Twitter users shared pictures of dead protesters while others broke down the oil-rich nation's 2012 budget figures, comparing funds allocated to the president and vice president's offices with the cost of living of the average Nigerian. Hackers have targeted government websites, while others criticized local news coverage of demonstrations in nation where journalists often accept bribes from those they cover.
"I think the government has opened a can of worms and we are now picking each one at a time," said Kola Oyeneyin, 31, an entrepreneur who uses Twitter to give protest updates.
Tens of thousands of people have taken to the streets across Africa's most populous nation to protest the government's removal on Jan. 1 of a subsidy that had kept gasoline prices low for more than two decades. Overnight, prices at the pump more than doubled, from $1.70 per gallon (45 cents per liter) to at least $3.50 per gallon (94 cents per liter). The costs of food and transportation also doubled in a nation where most live on less than $2 a day.
President Goodluck Jonathan insists the move was necessary to save the country an estimated $8 billion a year, which he promises will go toward badly needed roads and public projects. But the president, who used Facebook to announce he would run in the nation's presidential elections last year, has faced increasingly angry comments on his own profile where most offered praise in the past.
Protesters ? who joined the current nationwide labor strike under the hash-tagged slogan of "Occupy Nigeria" ? say the government is in no position to ask people to sacrifice in a nation with extravagant government spending and a history of widespread theft of billions by military rulers and politicians.
Nigeria, an OPEC member nation producing about 2.4 million barrels of crude oil a day, is a top supplier to the U.S., but virtually all of its petroleum products are imported after years of graft, mismanagement and violence at its refineries.
"They (the government) are saying that they need to save. OK, but do you need to save by making us pay for your waste?" Oyeneyin asked.
The country only recently passed a Freedom of Information bill granting, in theory, public access to documents. But the nation's budgeting remains opaque at best in a nation that operated for years under an official secrets act that made unauthorized release of government information an imprisonable offense.
"People are now more informed about what's going on and it won't be long before we have an open and transparent government," said Ngozi Sulaiman, a businesswoman who was sending photos to her Blackberry contacts from a protest in a posh Lagos neighborhood.
However, social media also has spread false information about government resignations in recent days as well.

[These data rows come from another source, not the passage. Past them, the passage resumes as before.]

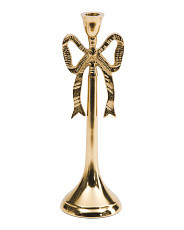 12in Bow Taper Metal Candle Holder | TJ Maxx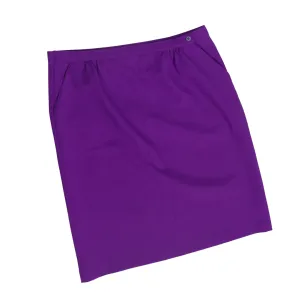 Vintage Purple Pencil Skirt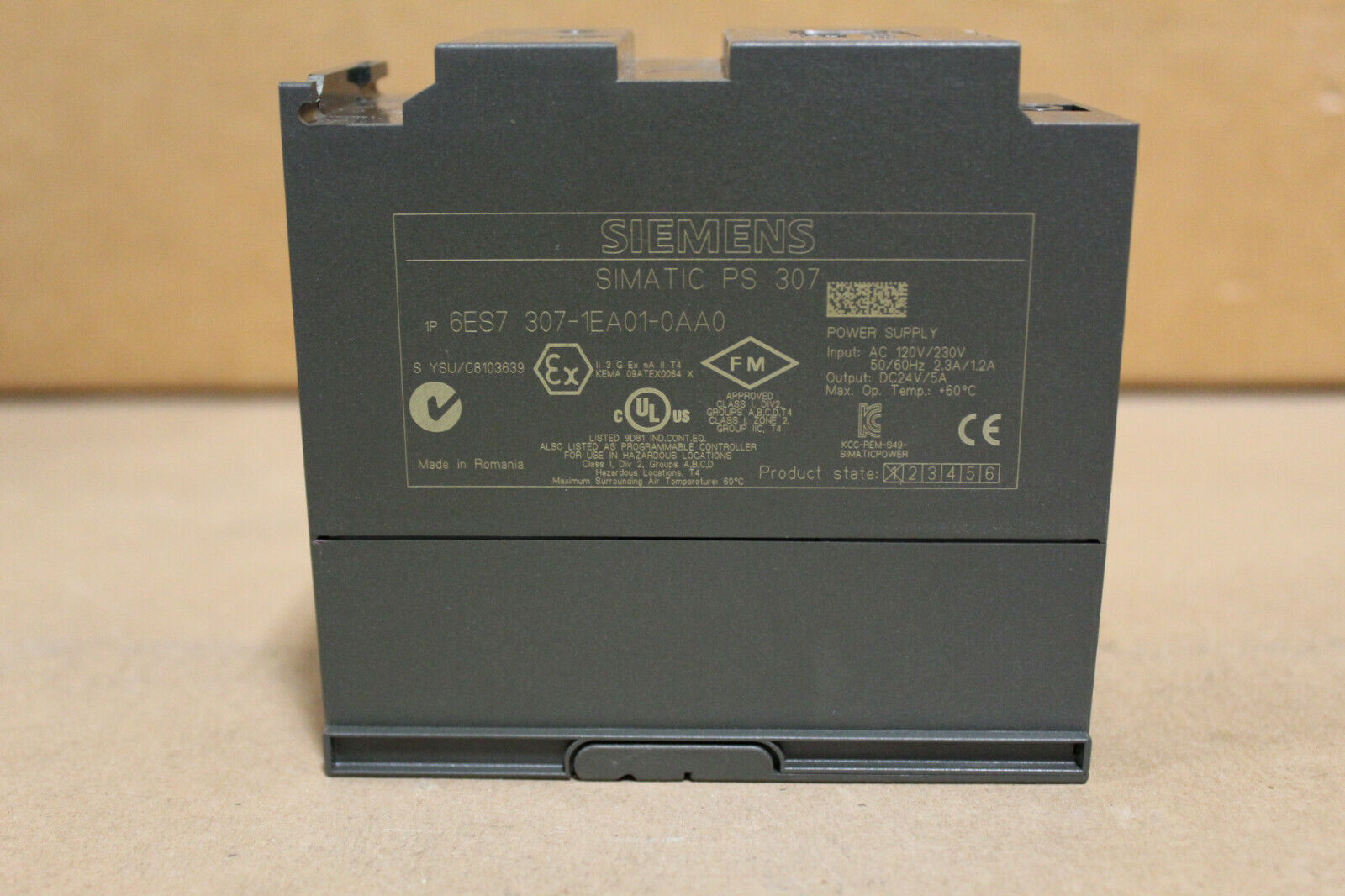 Siemens 6ES7 307-1EA01-0AA0 Simatic S7 Power Supply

Text messages circulating the country also fed a rumor that a radical Islamist sect planned to infiltrate and bomb demonstrations.
A group of hackers also have attacked a series of government websites over several days, including the Economic and Financial Crimes Commission on Friday.
Eager to calm public anger, government-aligned groups have published front-page newspaper advertisements for days trying to sell Nigeria's more than 160 million people on the idea that money saved by removing fuel subsidies will go toward needed projects. While Nigeria has an unruly free press, underpaid journalists often accept so-called "brown envelope" bribes slipped into briefing documents at news conferences. And at least one private news channel in the country has gotten calls from government officials asking it not to broadcast live images of a daily demonstration in Lagos that drew more than 20,000 people on Friday alone.
Criticism of news on the state-run Nigerian Television Authority also sparked a protest outside its Lagos headquarters by more than a thousand people Thursday. The channel aired a short story on the protest 43 minutes into its nightly broadcast, after a host of pro-subsidy removal stories and commercials.
The protests will continue to be swayed by social media, despite low incomes, as Nigeria has the continent's top mobile phone market and is estimated to have the largest online audience in Africa.